Modeling the Evaporative Emissions of Oil-Fuel Mixtures

Motor vehicle hydrocarbon evaporative emissions are a crucial part of emissions regulations, and increasingly-stringent regulations stipulate essentially zero fuel-based hydrocarbon evaporative emissions. In port fuel injected engines, there is the potential for accumulation of PCV effluent in the intake system under certain vehicle operating conditions. The majority of this effluent is oil, but a percentage has been shown to be fuel. The percentage of fuel in this oil-fuel mixture in the intake is at a minimum equivalent to the fuel dilution level of the crankcase oil, and at times can be higher due to other sources of fuel, and fuel vapor, in the intake. This accumulation of liquid oil-fuel mixture can be a contributor of hydrocarbon evaporative emissions migrating out of the air induction system when subjected to transient temperatures while the engine is off. This paper describes a transient, multi-domain physical model in Modelica^® to describe the evaporative emissions of fuel-oil mixtures during a simulated diurnal Sealed Housing Evaporative Determination (SHED) test.
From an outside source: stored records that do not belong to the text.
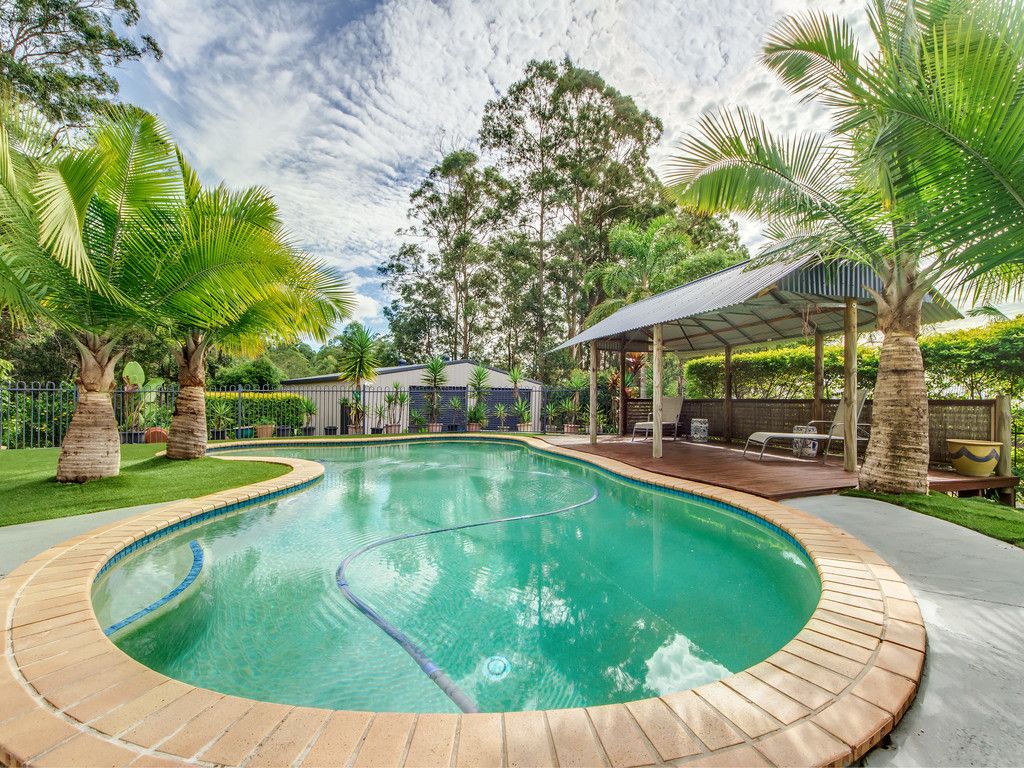 80 The Oval Drive, Mount Nathan QLD 4211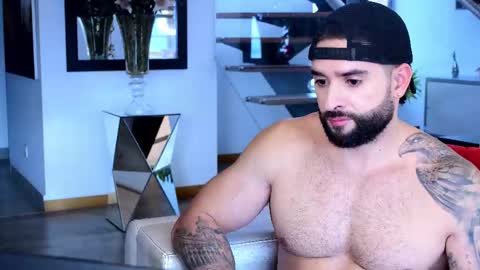 Lukhas f4f online show from 11/06/25, 10:21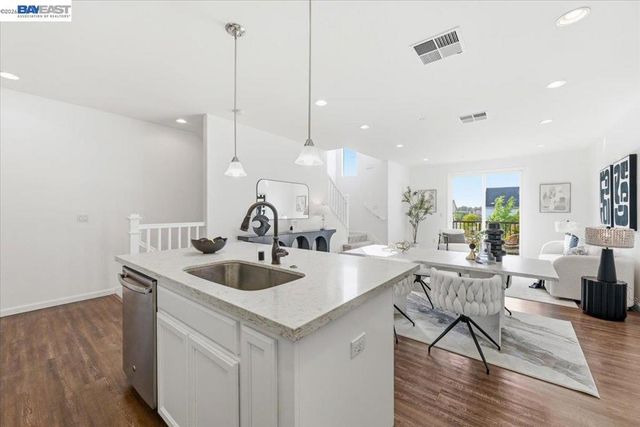 4243 Sunset View Dr, Dublin, CA 94568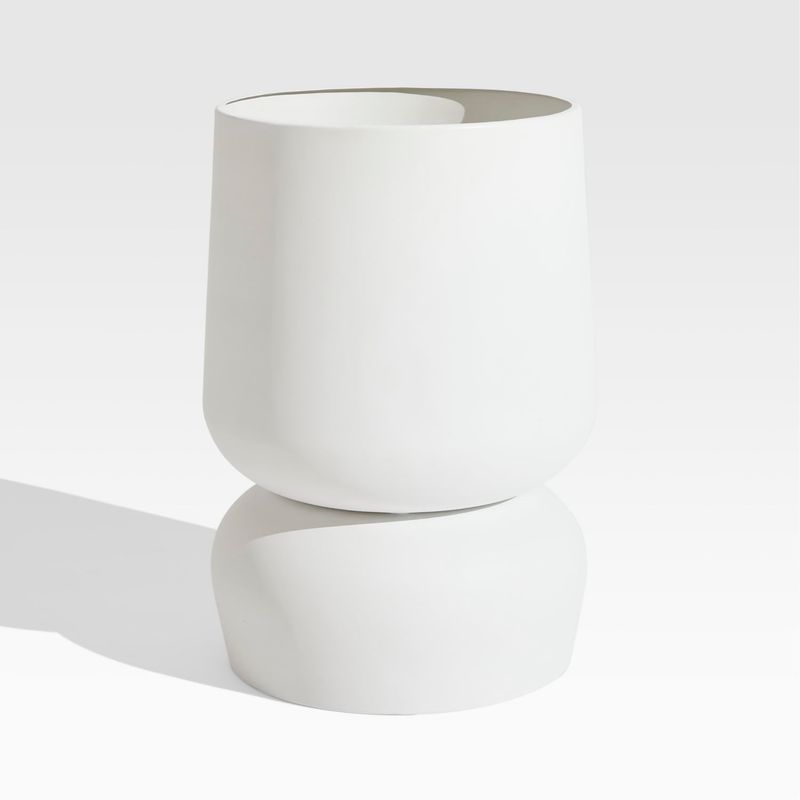 CRATE & BARREL - Maceta Glencoe en Hierro 52 cm x 36 cm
Following a description of the SHED test and the model, analytic results are shown and validated against the experimental data over a wide range of operating conditions. An analytic design of experiments (DOE) was conducted and compared with available experimental results for a range of liquid compositions and amounts, surface areas, and transient temperature profiles. The model proved to be very effective at predicting both the magnitude and trend-wise behavior of the evaporative emissions of fuel-oil mixtures over the range of conditions simulated.